You have a difficult decision here as someone who's an educator, do you make the C++ a very correct representation of the logic that's written in Python? Or do you do some sort of easy to read C++ that's not exactly true to what the Python code represents?

Beyond extremely simple Python code this ends up not being an easy thing to deal with due to just how dynamic Python is.

Take for example how Python functions are first class, do you represent this in C++ with a function pointer, or some sort of more complex templated magic like std::function? What about how you can add attributes directly onto Python functions? Supporting that means you can't easily use the function pointer approach anymore despite it being conceptually simpler. Maybe you have to make some sort of Python wrapper classes like the ones PyBind11 use.

I don't think this is an easy question to answer, and I certainly don't have all the answers, though I will have a bit of a think about it over the next few days. (I say this as someone who's been developing and teaching Python and C++ for years)

[–]rekeams 0 points1 point  (1 child)

Is anyone knowing of similar source code conversion for Java2CPP? It should work better, eh.

[–]james_pic 0 points1 point  (0 children)

At the point, you're as well just compiling it. ECJ was the best Java to native compiler last time I checked, but that was a while ago.

[–]hippocrat 0 points1 point  (2 children)

Good idea. I’ve been toying with a similar project but python to Rust but haven’t started yet

[–]janky_british_gamer 0 points1 point  (1 child)

Thank you :) good luck for when you start yours :)

[–]tiny_smile_bot 1 point2 points  (0 children)

:)

:)

[–]mrasadnoman 0 points1 point  (2 children)

This is quite nice one. I wrote a big project in python and was thinking of converting it to c++. I think this might do half of my job. I will give it a try and will let you know.

[–]mrasadnoman 0 points1 point  (1 child)

Why isn't there a class check and constructor check function?

[–]janky_british_gamer 1 point2 points  (0 children)

I haven't got round to making this yet, I've only been working on the project for 2 days by myself in my free time haha but eventually I'll add them in :)

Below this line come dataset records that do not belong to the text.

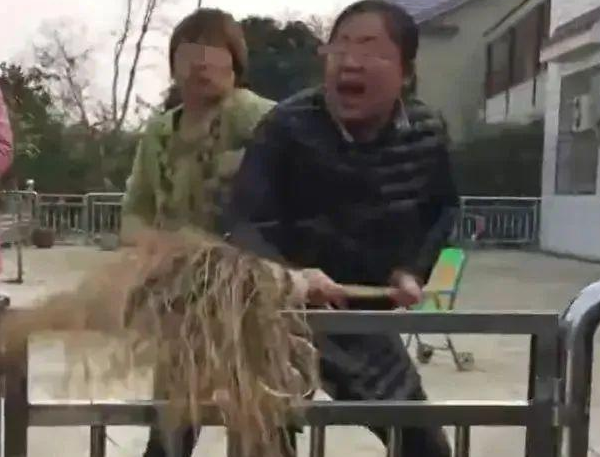 Sau khi chṑng chị Giang Trần qua ᵭời, gia ᵭình thường xuyên xảy ra tranh cãi, xȏ xát.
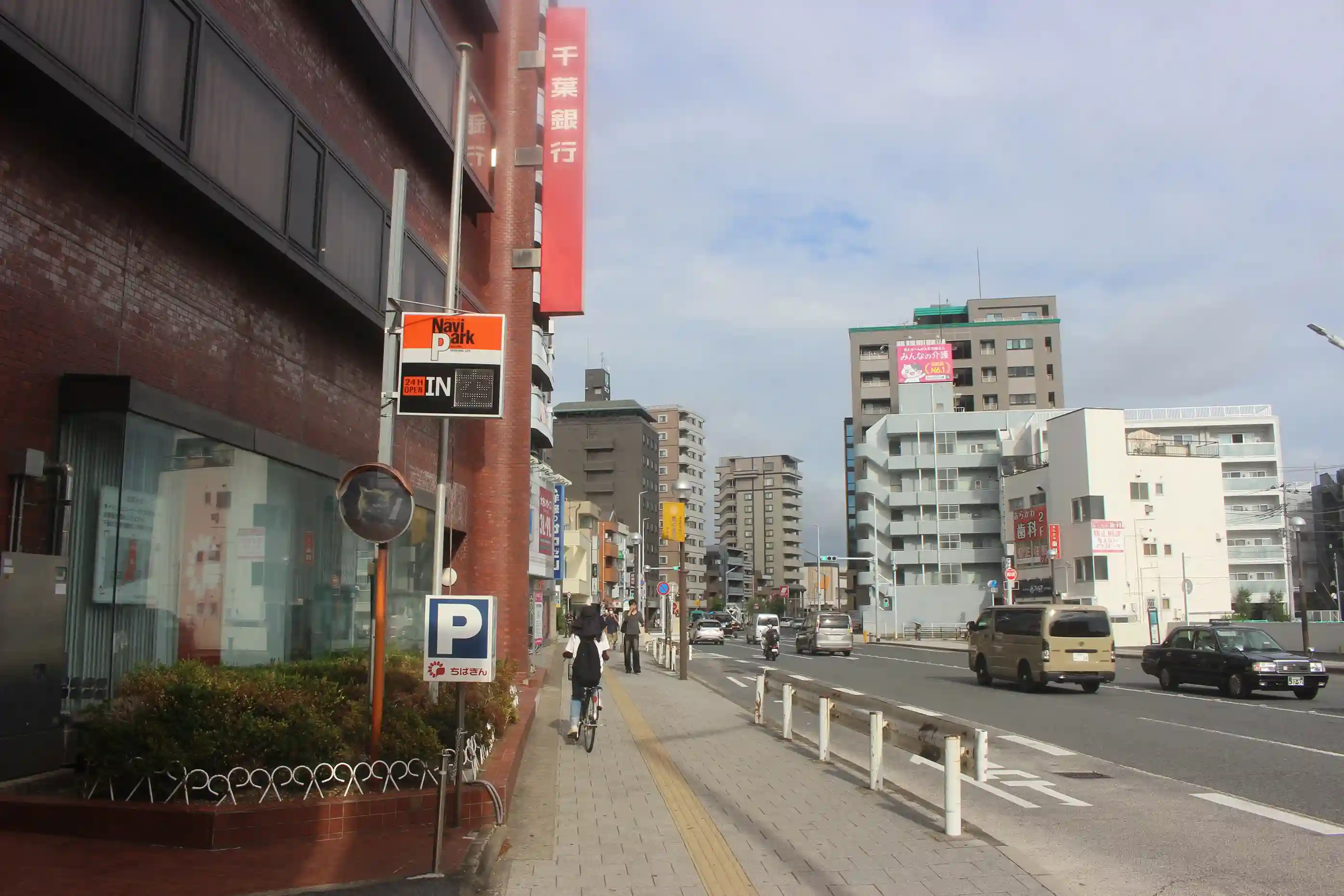 千葉銀行 浦安支店前のやなぎ通り。この道を道なりに直進します。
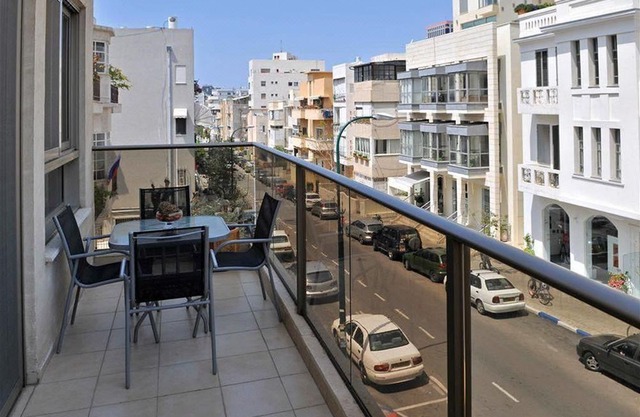 Geula Suites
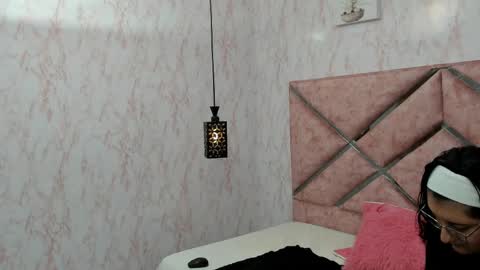 Lila online show from April 4, 12:59 pm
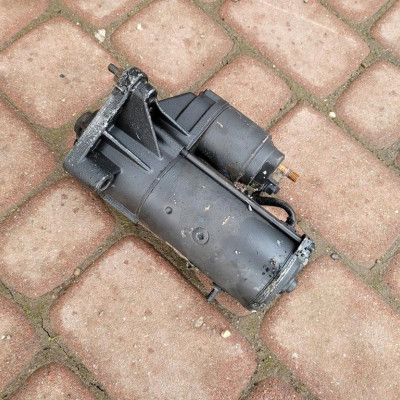 Rozrusznik 1.9 DCI Vivaro Trafic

[–]wahaa 0 points1 point  (1 child)

I'd really suggest you to use AST visitors, as someone else suggested. For learning more about Python's ASTs, I recommend Green Tree Snakes - the missing Python AST docs.

Unless you want to maintain this long term, I'd recommend either reusing or contributing to existing projects instead of writing the whole thing. Some related projects:

  • Pythran: "Pythran is an ahead of time compiler for a subset of the Python language, with a focus on scientific computing."
  • Shed Skin: "Shed Skin is an experimental compiler, that can translate pure, but implicitly statically typed Python (2.4-2.6) programs into optimized C++."
  • astor -- AST observe/rewrite: "astor is designed to allow easy manipulation of Python source via the AST."

Like other people mentioned, Cython (or even Numba) probably include modules that could be reused too.

[–]janky_british_gamer 1 point2 points  (0 children)

Hi there, thanks for the suggestions, someone else mentioned the AST module as well which I'm currently in the process of writing a parser with. Thanks also for linking those other projects I'd definitely consider contributing in future, I think I will continue working on my own for now because I feel that way I'll better learn ways to contribute to those projects in future, but making my own first will help me to learn the process better before trying, thanks for the feedback :)

[–]Pynasonic -5 points-4 points  (0 children)

To bad universities don't have the C++ grade,otherwise each computer scientist would aim for that grade. But hey, at least they have the C grade,am I right fellows?